Diagnosing Cholesky Corr in Trace Plot

I am trying to extend the Hierarchical Rugby example to use a MultiVariate, following the steps from the Primer on MultiLevel modelling. The idea is basically that the Attacking and Defending attributes for teams are probably correlated. My model looks something like this, with some unrelated code omitted for readability:

with pm.Model() as model:
    sd_dist = pm.Exponential.dist(0.5)
    chol, corr, stds = pm.LKJCholeskyCov("chol", n=2, eta=2.0, sd_dist=sd_dist, compute_corr=True)
    # Intercept for each attribute (i.e., Offense and Defense)
    attrs = pm.Normal('attrs', mu=0, sigma=1.0, shape=2)
    # Team specific variance from intercepts
    z = pm.Normal("z", 0.0, 1.0, dims=('attrs', 'team'))  # (2, num_teams)
    mv = pm.Deterministic("mv", tt.dot(chol, z).T, dims=('team', 'attrs'))  # (num_teams, attrs)

    # Expected values:
    # Team 1 Points
    team1_points_theta = tt.exp(attrs[0] + mv[team_1, 0] + mv[team_2, 1])
    team1_points = pm.Poisson('team1_points', mu=team1_points_theta, observed=team1_points_obs)

The inference process seems to work; I don’t get any divergences, and the trace plot for most of the variables looks reasonable. However, the ‘chol_corr’ part of the traceplot looks completely uninformed:

However, if I just plot an individual component of the cholesky corr using:
sns.distplot(trace.posterior.chol_corr[0][:, 1, 2])
I get a seemingly reasonable looking distribution of values.

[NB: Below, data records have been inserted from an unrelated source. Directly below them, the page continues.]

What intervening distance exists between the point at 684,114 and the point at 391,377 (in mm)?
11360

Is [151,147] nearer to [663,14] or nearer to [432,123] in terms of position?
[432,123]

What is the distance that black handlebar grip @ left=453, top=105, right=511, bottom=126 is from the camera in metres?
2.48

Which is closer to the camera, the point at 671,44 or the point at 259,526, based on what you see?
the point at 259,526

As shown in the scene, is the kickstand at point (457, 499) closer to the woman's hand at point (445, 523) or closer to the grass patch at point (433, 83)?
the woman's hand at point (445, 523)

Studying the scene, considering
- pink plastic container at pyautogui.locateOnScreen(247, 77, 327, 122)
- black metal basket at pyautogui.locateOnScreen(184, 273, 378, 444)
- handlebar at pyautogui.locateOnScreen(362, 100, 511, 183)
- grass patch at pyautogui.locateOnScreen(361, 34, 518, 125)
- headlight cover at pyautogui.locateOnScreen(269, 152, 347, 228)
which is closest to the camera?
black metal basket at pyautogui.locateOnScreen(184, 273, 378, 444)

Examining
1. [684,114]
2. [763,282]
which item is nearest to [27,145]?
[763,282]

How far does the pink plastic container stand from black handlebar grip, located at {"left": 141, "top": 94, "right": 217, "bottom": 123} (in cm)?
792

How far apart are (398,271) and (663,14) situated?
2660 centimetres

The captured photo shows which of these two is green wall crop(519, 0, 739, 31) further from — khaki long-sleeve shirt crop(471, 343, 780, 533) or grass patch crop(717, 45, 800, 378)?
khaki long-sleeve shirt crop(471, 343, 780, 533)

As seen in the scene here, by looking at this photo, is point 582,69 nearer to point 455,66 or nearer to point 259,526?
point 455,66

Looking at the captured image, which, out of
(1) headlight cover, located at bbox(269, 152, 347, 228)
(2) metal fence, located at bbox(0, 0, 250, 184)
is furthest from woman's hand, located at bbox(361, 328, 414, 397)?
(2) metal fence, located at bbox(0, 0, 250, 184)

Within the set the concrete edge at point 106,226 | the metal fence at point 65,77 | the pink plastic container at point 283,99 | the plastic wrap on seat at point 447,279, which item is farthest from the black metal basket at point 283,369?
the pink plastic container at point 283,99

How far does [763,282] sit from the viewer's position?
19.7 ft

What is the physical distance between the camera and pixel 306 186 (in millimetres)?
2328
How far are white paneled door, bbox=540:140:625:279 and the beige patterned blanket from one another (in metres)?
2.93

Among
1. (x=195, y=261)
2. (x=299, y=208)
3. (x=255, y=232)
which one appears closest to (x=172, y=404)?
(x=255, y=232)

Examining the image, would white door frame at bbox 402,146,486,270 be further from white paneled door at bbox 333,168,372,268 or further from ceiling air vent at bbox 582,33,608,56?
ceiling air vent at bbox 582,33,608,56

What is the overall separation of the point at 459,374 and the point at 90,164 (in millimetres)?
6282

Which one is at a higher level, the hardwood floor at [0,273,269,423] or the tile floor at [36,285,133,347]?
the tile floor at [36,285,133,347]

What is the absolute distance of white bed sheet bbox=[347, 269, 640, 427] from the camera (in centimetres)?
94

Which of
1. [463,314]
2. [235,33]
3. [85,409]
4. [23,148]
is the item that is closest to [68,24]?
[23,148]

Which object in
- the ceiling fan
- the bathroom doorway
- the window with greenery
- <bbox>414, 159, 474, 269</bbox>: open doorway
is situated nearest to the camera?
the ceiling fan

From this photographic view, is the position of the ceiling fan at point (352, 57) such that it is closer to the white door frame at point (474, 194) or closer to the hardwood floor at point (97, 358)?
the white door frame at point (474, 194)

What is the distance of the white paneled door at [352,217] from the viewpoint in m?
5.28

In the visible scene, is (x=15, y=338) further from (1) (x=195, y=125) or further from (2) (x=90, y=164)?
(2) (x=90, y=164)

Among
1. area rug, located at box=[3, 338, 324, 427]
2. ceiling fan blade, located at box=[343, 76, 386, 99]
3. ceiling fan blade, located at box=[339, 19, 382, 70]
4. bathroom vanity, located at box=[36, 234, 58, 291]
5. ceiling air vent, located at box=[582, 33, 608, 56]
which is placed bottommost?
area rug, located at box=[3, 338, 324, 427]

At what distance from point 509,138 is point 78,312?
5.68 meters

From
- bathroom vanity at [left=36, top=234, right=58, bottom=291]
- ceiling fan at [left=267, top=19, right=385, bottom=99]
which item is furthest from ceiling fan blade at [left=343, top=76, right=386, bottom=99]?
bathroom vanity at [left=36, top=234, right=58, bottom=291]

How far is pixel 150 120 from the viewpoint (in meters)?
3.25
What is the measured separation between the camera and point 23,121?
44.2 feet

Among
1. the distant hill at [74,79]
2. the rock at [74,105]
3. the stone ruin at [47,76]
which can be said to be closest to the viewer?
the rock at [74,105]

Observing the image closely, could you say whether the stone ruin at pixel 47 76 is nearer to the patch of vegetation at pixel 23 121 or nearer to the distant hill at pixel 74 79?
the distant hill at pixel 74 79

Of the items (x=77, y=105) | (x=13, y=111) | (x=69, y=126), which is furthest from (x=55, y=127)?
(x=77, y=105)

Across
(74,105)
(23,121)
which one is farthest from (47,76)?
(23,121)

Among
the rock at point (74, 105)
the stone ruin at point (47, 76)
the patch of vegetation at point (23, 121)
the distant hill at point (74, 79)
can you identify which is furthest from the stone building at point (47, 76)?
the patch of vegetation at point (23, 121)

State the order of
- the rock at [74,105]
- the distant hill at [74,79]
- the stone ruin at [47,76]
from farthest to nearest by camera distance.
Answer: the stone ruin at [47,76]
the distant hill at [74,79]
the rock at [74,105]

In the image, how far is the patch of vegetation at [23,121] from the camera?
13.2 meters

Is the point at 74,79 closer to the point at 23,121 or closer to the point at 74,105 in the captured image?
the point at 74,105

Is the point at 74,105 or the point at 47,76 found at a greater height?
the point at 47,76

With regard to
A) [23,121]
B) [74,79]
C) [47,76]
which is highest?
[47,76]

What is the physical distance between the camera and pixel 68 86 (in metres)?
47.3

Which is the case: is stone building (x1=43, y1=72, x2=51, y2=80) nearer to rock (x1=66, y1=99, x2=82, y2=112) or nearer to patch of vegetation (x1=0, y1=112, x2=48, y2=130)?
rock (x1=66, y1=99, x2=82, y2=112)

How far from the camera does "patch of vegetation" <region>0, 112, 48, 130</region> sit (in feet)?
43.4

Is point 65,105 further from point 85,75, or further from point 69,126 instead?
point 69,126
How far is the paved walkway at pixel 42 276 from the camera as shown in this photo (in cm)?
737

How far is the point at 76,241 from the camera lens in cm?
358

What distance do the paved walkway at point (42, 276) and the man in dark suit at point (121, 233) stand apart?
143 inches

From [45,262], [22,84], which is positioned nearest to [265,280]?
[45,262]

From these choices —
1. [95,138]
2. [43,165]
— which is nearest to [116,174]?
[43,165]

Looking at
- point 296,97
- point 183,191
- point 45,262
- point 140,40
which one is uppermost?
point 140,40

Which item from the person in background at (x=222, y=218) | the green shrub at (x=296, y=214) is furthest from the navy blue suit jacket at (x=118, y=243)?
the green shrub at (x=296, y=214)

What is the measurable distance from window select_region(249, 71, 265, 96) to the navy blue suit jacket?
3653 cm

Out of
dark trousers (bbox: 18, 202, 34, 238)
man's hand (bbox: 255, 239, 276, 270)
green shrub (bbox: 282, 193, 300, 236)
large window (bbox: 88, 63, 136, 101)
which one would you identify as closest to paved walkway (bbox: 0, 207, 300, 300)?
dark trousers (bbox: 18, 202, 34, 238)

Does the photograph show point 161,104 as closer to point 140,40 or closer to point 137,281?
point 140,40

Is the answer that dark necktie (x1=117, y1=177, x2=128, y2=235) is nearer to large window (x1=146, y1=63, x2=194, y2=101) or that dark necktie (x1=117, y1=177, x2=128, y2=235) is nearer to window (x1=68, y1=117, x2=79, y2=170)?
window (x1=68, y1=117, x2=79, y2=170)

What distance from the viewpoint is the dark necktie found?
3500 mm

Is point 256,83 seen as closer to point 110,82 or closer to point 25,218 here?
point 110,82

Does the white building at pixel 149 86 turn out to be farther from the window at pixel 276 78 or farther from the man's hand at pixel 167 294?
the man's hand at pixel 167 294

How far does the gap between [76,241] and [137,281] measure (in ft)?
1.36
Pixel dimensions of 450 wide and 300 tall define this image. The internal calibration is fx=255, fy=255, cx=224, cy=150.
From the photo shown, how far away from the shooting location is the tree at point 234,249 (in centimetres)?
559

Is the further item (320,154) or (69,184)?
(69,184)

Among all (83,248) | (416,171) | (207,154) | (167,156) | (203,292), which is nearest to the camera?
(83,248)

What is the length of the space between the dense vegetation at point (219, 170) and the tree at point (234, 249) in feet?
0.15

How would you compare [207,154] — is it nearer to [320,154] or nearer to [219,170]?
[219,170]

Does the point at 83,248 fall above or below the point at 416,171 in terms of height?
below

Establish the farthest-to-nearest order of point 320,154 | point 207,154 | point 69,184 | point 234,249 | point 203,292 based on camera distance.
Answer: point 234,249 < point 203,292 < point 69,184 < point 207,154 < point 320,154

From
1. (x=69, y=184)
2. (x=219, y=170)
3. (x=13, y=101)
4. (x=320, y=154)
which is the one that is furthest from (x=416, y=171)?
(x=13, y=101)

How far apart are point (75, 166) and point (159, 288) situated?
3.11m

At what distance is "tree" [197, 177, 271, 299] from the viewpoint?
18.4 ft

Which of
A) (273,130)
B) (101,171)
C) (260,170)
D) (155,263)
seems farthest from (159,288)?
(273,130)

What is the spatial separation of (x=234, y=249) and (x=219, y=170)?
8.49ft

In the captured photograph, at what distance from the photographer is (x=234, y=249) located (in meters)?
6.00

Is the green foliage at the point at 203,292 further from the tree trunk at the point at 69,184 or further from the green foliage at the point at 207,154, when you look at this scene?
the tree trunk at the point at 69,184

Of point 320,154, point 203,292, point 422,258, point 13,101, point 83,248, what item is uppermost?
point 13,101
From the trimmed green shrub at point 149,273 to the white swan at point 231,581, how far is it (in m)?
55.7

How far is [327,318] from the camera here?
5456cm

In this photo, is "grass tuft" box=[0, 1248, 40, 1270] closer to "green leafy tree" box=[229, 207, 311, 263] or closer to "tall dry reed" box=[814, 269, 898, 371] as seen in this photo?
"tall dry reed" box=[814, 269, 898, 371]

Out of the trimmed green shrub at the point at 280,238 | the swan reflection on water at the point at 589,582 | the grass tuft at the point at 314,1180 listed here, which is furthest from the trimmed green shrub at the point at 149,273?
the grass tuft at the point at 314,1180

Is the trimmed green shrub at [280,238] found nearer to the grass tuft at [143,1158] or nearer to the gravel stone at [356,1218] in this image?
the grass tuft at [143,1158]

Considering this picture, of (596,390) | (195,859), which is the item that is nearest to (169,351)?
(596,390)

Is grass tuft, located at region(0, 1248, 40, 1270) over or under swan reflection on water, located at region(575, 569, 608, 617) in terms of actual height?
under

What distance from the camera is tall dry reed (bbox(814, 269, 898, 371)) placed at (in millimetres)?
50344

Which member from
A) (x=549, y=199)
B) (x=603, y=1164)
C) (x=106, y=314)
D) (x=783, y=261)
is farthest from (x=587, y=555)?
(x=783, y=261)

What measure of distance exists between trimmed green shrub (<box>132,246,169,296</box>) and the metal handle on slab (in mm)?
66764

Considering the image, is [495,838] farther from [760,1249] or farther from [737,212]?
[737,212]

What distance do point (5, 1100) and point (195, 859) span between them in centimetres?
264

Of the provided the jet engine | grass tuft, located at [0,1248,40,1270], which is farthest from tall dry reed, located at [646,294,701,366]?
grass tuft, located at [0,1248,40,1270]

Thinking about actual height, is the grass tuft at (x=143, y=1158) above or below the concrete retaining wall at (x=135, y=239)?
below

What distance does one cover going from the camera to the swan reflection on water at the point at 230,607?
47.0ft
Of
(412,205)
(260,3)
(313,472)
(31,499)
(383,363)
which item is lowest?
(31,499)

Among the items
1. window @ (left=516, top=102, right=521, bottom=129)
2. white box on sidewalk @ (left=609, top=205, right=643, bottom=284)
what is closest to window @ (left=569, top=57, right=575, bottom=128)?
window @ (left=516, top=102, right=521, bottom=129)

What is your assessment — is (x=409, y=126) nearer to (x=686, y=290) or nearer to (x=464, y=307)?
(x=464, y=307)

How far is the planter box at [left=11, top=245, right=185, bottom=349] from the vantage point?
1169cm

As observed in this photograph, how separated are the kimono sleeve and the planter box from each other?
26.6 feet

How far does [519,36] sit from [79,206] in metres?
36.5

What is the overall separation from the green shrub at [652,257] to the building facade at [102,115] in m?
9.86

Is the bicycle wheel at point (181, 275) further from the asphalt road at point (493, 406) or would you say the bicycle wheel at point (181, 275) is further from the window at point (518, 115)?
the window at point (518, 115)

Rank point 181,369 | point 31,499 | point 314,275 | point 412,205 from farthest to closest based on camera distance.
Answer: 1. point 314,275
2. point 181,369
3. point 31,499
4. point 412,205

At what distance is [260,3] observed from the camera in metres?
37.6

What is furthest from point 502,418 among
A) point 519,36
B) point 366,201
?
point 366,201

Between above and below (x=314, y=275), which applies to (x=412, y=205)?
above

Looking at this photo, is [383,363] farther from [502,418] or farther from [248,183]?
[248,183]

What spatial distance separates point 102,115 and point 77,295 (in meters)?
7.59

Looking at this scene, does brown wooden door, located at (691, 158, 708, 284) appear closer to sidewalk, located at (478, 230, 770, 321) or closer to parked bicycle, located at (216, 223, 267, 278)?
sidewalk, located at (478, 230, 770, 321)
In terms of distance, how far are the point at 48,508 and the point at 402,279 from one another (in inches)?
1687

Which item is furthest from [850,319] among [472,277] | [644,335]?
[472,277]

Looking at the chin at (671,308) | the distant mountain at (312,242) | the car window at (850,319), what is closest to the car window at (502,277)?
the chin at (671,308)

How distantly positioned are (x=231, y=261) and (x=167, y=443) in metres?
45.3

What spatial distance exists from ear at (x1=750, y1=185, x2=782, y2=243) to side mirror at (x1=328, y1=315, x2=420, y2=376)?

Am I doing something wrong? In the tutorial on multi-level modelling, the self-correlations (the vertical line at 1) don’t even appear in the traceplot. I would like to be confident I am visualizing the data correctly, so I can be confident the model is working and implemented correctly before I continue to improve it.

Looking forward to hearing y’alls thoughts!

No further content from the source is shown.